**What is expected:**
Set out word for word the line that contains "To help automate" and each line after it, through the end of the data below, but exclude the pictures.

**Supplied information:**
※ ※ ※
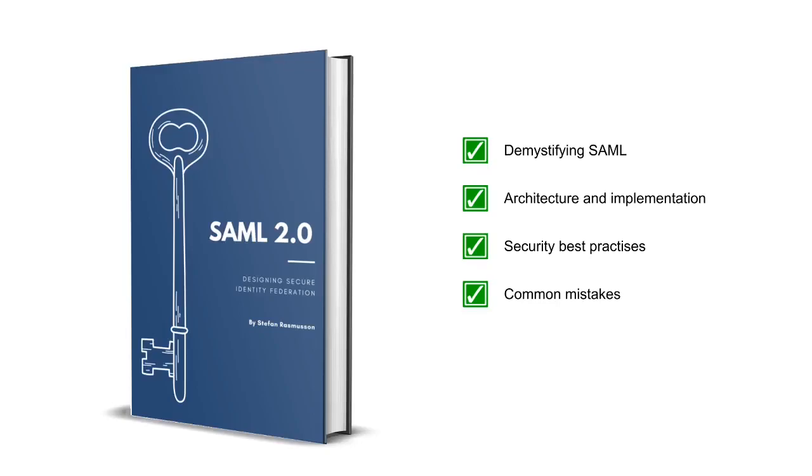Again, SAML can be a tough subject. If you feel you need to dig in a bit more in the details and learn about best practices and design, please have a look on my book. Links are below.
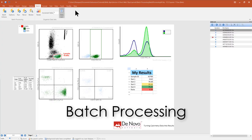To help automate your workflow, FCS Express offers Batch Processing, which allows you to analyze multiple files consecutively and to export your data into multiple formats with a single click.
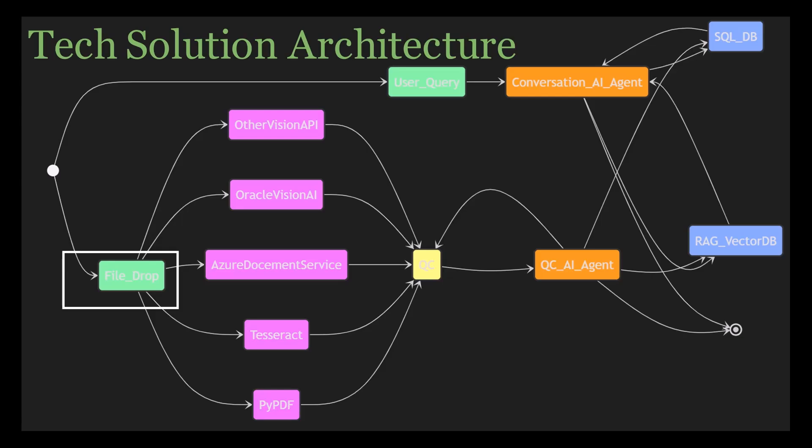That brings us to step number two. Step two, the OCR engine makes sense of these files. Here, as you can see, we have five different options for OCR processing.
※ ※ ※
**Answer section:**
To help automate your workflow, FCS Express offers Batch Processing, which allows you to analyze multiple files consecutively and to export your data into multiple formats with a single click.
That brings us to step number two. Step two, the OCR engine makes sense of these files. Here, as you can see, we have five different options for OCR processing.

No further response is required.